Figure 6.

RA183 inhibits proteasomal activity and tumor growth in mice. (A, B) 293TT cells were stably transfected with 4UbFL expressing plasmid³⁵ and treated with titrations of the indicated compounds for 4 h. Lysates were prepared and luciferase activity was measured (A). Data are presented as fold change in luciferase activity compared to untreated cells. (B) Levels of Lys48-linked ubiquitin in lysates were analyzed by Western blot. (C) Mice were administered 4UbFL DNA to the skin via gene gun (i.d.). After 24 h, the site of DNA administration was treated topically by application of 4% (w/v) RA183 (40 μL) in emu oil or oil alone (10 mice/group) respectively. After the indicated time points post-treatment, bioluminescence was measured by intraperitoneal (i.p.) injection of luciferin and imaging with an IVIS 200 at the site of DNA delivery (* p <0.05, ** p <0.01). (D) Mice were administered 4UbFL DNA to the leg muscle (intramuscularly (i.m.)) via in vivo electroporation. RA183 was given i.p. at 20 mg/kg.
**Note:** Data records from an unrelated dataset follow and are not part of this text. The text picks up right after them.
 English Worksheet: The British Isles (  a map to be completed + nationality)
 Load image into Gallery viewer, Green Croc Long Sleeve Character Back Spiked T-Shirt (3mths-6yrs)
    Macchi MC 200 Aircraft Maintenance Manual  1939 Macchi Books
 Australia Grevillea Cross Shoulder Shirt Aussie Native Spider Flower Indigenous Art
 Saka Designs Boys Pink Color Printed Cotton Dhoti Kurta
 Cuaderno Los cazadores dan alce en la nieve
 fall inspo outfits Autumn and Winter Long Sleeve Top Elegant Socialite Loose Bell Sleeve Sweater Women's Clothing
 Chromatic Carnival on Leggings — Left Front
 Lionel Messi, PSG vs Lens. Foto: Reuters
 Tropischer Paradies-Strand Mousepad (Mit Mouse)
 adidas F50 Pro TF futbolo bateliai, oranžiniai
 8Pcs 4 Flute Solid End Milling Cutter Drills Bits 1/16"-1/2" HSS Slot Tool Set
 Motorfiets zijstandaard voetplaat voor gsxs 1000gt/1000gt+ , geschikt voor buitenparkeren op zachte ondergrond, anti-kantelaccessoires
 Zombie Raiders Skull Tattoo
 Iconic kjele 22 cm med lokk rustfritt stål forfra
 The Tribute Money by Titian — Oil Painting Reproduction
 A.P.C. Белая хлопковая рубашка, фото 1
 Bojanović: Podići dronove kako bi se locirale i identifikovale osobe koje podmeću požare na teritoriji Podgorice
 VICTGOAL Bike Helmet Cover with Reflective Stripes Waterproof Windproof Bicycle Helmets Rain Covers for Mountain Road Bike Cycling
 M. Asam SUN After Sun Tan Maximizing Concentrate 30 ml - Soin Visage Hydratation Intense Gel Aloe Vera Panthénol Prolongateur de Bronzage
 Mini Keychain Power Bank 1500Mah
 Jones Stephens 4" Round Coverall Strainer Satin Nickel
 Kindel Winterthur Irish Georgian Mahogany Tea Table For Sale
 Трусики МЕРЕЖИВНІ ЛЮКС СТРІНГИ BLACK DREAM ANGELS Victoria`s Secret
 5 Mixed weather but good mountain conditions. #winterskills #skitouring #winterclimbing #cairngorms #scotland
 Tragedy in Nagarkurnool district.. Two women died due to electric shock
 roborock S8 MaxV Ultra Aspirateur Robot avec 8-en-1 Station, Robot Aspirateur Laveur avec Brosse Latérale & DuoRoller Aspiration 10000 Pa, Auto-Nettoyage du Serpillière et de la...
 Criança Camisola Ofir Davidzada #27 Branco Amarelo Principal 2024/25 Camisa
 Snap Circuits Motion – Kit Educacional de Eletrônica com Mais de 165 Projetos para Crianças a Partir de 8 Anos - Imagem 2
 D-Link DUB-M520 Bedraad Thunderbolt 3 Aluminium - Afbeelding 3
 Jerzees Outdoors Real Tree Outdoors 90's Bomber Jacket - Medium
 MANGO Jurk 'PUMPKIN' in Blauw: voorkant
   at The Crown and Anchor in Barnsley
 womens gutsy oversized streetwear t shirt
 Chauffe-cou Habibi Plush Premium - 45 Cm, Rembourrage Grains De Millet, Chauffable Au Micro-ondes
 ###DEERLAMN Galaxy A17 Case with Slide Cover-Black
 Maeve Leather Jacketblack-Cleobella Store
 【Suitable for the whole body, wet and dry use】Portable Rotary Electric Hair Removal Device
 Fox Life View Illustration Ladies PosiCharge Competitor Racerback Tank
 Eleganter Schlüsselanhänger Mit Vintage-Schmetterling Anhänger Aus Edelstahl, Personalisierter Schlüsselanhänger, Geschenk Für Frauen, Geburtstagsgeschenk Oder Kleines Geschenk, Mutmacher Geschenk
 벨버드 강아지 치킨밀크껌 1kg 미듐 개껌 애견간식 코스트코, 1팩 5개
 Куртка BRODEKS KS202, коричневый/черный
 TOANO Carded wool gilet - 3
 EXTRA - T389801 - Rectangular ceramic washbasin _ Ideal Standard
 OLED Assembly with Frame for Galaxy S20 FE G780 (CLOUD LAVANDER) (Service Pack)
After the indicated time points post-treatment, bioluminescence was measured in control and RA183-treated animals (10 mice/group) by intraperitoneal injection of luciferin and imaging with an IVIS 200 at the site of DNA delivery. (E, F) 3 × 10⁵ ID8-Luc cells (a syngeneic mouse ovarian cell line expressing luciferase) were injected into the peritoneal cavity of C57BL6 mice (five per group) on day 0. The mice were initially treated daily i.p. with either vehicle or 5 mg/kg RA183 dissolved in 2% DMSO and 25% β-hydroxypropyl cyclodextrin on days 3–17 and then RA183 dose was escalated to 10 mg/kg on days 17–24. The tumor growth was detected by imaging the mice through IVIS system and measuring the luciferase activity (relative light units (RLUs)) before, at the interval, and after the treatment. (G) Nude mice were administered ES2-luc cells i.p., and 2 days later, a basal bioluminescent level was determined for each mouse. Nude mice bearing ES2-luciferase cells i.p. were treated with either 6.6 mg/kg RA183 (dissolved in 2% DMSO and 25% β-hydroxypropyl cyclodextrin) (i.p.) or vehicle alone (n = 9 per group) 6 days on and 1 day off. Prior to and both 7 and 14 days after initiation of treatment, the mice were imaged for their luciferase activity (RLU) and fold change over baseline was determined.